Creative work isn't free, and shouldn't be free, because it's a process. You can't pick up web designs and white papers at a garage sale or at the nearest Target. If you're not willing to pay for the process, then you should expect a horrible process. Much like in any other process or business: if you aren't willing to pay, then we aren't willing to deliver.

My New Plan Towards Saving the World (and Reaching Oprah Status)

saving the worldMay has so far been a stressful, spring-cleaning, rethinking, must-build-identity-capital, sort of month. This month has been all about making the key decisions that will define, oh I don't know, the rest of my life or something like that. My business is just about broke, which isn't fun, and this is the primary reason that I've been stressed, and thinking, and building identity capital. I've lost some major revenue sources, on top of the fact that my latest big project ended up costing me money than making me money. It just seems like I make the money, but the costs keep increasing and have finally increased more than what I've been making. I need to do something quickly. I'm thinking that since I've come to terms with the idea of my business failing and having nothing but a website, and a domain name, and inbound marketing skills, that I should try something new with all that. Do some sort of 180, perhaps almost ditching all that I've done before.

I'm Actually Thinking YouTube

So, my magnificent plan B here is to go for it with YouTube; just start making videos and posting them, figuring out how to make great videos and to create that identity capital that turns me into a YouTube star. From what I've read, YouTube is the untapped gold mine, where there's not only a lot of traffic but there's also tons of opportunity to create great content and for YouTube and advertisers to help you create that content and to help you make money from that content. YouTube is competing with Hulu and Netflix, and they want to compete with television when all is said and done, so I think there's a huge opportunity there to create great videos, to create content that's of value to people and entertaining at the same time.
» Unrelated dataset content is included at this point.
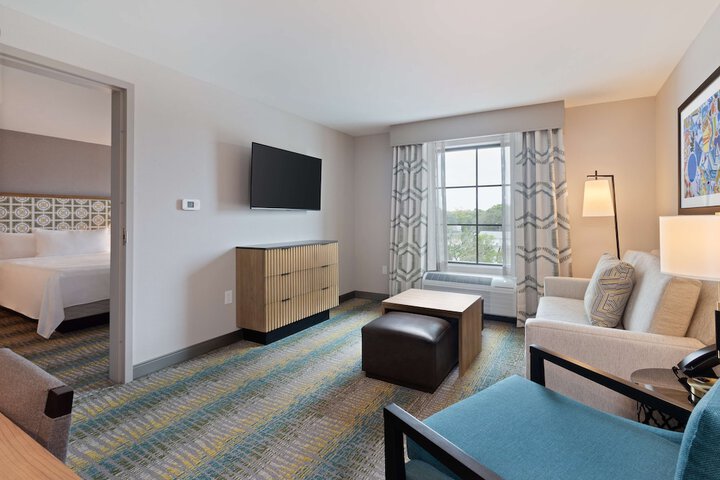 Room 32 of 54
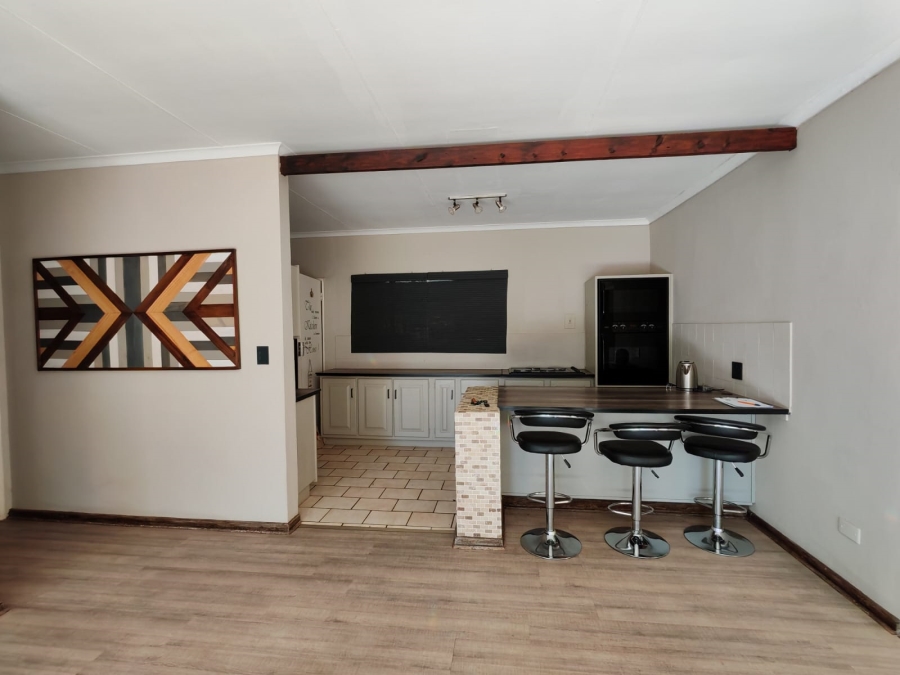 4 Bedroom Property for Sale in Three Rivers East Gauteng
I don't have much idea of the kind of content I'd like to produce. I could fit the gamer girl niche. I could also produce a talk show or news show, interviewing awesome people doing awesome things. I could just make some sort of YouTube reality show, of me doing things in life and commenting on them. I could film my journey as a Half the Sky Ambassador, spreading the word about those issues and spreading the word about what others are doing. I do, however, have a fake fireplace in my office. I totally intend to use that, make that all camera worthy. My home office, it turns out, was totally made for YouTube videos.

What Is Oprah Status?

Oprah status is my phrase for being so awesome that you can just start your own television network, you know, because you're Oprah and you have that kind of clout. Then, you're so awesome that when your network isn't doing too well, the way to save it is to go back to hosting your own television show, on your own television network, and that does the trick. That's essentially how it went down at OWN, and I know this because I wrote a 700-word article for a client on the future of OWN. Oprah's back doing what she does best, so I'm not worried.

Did I mention Oprah also has her own magazine and website and book club and what not? The woman is fantastic. I mean, she said something about not liking beef, and then the beef industry got angry and sued her because she was Oprah, and the beef industry knew she had the power to turn everyone against beef. That's the kind of influence she has, and that's the kind of influence I want to have. I will use that influence to save the world, you know, end women's oppression and end poverty and good stuff like that. It's going to be fantastic.